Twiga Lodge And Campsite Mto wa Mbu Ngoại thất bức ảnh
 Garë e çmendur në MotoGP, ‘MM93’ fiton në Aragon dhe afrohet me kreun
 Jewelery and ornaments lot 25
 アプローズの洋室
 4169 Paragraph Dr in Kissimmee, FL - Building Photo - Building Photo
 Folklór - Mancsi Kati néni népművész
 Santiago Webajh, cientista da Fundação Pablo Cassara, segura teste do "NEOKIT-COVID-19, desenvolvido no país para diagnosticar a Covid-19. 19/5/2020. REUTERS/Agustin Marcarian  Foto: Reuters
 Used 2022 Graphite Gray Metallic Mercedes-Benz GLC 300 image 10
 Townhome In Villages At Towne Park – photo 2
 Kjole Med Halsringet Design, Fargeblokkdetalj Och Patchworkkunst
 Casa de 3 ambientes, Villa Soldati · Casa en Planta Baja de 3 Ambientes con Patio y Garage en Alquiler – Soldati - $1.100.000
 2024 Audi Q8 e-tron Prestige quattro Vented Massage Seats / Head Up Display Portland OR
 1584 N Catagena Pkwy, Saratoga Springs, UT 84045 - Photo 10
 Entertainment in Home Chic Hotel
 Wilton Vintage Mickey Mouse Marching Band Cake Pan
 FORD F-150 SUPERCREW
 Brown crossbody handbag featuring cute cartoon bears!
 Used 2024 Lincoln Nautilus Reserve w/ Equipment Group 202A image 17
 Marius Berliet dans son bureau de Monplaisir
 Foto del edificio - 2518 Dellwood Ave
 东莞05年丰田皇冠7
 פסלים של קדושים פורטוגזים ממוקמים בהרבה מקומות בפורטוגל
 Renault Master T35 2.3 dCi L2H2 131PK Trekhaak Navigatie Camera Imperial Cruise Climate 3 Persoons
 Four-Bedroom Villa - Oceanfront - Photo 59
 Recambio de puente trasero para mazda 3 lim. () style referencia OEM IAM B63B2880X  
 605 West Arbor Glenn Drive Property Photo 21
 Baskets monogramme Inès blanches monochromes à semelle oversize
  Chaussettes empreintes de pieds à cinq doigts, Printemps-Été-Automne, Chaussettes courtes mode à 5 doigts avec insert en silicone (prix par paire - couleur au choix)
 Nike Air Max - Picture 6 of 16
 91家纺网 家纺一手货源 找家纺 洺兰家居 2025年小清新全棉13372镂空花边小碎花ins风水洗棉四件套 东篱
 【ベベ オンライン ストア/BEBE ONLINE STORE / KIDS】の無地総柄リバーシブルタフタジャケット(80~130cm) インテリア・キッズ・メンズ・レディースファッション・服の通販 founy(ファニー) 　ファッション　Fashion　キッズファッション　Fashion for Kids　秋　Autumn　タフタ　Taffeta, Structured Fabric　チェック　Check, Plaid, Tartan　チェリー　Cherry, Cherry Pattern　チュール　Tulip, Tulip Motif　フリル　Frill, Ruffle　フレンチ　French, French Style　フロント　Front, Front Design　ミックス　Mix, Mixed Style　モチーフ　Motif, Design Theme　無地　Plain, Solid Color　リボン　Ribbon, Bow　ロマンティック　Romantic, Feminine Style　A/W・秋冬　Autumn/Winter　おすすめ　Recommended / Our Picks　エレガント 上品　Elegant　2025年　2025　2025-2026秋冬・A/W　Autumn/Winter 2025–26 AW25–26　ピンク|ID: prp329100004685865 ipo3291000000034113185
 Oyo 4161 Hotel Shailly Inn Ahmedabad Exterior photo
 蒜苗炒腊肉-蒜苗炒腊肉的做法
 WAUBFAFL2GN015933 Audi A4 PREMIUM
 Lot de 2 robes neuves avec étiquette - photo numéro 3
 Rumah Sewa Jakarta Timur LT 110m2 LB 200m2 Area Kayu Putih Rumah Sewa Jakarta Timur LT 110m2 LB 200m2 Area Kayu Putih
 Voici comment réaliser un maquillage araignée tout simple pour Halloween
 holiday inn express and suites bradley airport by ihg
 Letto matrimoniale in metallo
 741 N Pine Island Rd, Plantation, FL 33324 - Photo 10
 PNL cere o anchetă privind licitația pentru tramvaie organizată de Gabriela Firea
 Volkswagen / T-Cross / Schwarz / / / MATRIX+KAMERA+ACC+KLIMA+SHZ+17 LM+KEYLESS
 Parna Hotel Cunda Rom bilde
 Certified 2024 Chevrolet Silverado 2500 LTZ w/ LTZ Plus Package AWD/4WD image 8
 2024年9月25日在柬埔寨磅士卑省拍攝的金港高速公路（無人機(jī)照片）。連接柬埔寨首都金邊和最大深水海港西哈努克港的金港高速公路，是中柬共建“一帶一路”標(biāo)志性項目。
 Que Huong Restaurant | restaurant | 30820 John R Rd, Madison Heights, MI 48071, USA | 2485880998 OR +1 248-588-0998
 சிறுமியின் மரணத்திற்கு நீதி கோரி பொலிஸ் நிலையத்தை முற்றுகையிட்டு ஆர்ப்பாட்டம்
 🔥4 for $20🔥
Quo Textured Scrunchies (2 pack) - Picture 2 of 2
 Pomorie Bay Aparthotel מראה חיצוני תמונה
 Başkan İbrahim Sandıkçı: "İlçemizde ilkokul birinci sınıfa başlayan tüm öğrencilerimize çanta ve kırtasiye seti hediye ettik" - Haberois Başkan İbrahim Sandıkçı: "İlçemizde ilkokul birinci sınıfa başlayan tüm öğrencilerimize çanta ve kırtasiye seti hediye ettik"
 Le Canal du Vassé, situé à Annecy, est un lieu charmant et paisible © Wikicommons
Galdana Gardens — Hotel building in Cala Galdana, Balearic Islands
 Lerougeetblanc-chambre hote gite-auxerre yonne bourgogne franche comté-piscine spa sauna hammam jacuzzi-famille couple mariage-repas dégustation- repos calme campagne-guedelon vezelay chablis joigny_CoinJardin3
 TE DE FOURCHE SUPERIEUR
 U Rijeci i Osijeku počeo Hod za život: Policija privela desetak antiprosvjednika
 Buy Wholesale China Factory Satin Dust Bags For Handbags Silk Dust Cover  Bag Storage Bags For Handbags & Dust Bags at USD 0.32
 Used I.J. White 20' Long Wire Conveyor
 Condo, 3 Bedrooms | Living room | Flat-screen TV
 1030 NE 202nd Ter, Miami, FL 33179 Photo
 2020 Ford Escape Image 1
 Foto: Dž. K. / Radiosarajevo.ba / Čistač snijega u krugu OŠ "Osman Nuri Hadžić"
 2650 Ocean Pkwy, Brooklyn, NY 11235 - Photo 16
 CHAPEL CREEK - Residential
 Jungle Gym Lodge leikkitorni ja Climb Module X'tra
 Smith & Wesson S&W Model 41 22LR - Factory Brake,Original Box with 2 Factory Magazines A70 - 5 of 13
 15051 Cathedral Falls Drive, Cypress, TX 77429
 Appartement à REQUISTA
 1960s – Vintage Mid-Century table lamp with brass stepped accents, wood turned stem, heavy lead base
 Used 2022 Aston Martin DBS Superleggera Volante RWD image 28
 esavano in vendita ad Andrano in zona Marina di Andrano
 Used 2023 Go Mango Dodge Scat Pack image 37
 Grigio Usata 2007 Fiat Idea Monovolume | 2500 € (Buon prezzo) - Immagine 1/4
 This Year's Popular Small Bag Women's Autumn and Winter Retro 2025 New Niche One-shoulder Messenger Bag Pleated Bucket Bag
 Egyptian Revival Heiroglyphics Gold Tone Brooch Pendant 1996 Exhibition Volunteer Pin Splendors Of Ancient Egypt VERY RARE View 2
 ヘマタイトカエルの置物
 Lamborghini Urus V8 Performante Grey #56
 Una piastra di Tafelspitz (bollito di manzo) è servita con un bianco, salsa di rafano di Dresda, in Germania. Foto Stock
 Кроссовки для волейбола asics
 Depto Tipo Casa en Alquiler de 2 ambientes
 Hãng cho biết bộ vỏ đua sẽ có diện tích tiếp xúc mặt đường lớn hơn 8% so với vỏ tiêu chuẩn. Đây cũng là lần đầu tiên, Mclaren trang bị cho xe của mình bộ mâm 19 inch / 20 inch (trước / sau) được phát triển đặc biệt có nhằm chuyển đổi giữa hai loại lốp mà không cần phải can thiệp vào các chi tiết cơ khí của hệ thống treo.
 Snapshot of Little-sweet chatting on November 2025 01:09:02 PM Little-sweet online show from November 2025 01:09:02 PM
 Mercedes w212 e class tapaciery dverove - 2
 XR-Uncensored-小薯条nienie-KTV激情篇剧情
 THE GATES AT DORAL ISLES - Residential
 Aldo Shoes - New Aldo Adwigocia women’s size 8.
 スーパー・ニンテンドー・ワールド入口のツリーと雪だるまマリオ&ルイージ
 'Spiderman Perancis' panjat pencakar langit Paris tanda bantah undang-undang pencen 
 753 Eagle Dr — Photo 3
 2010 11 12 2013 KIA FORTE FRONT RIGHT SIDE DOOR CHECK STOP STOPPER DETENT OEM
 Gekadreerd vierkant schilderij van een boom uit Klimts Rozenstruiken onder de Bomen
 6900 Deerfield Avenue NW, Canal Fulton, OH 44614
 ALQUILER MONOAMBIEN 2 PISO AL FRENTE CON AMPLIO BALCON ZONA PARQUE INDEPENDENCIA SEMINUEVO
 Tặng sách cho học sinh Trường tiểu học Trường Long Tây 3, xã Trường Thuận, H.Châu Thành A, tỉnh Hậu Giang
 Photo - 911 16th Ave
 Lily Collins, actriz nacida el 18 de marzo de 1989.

▶ **EXERCISE DESCRIPTION**
Copy every line of the entries above in which "Foto" occurs.

▶ **PROBLEM SOLUTION**
 Santiago Webajh, cientista da Fundação Pablo Cassara, segura teste do "NEOKIT-COVID-19, desenvolvido no país para diagnosticar a Covid-19. 19/5/2020. REUTERS/Agustin Marcarian  Foto: Reuters
 Foto del edificio - 2518 Dellwood Ave
 Foto: Dž. K. / Radiosarajevo.ba / Čistač snijega u krugu OŠ "Osman Nuri Hadžić"
 Una piastra di Tafelspitz (bollito di manzo) è servita con un bianco, salsa di rafano di Dresda, in Germania. Foto Stock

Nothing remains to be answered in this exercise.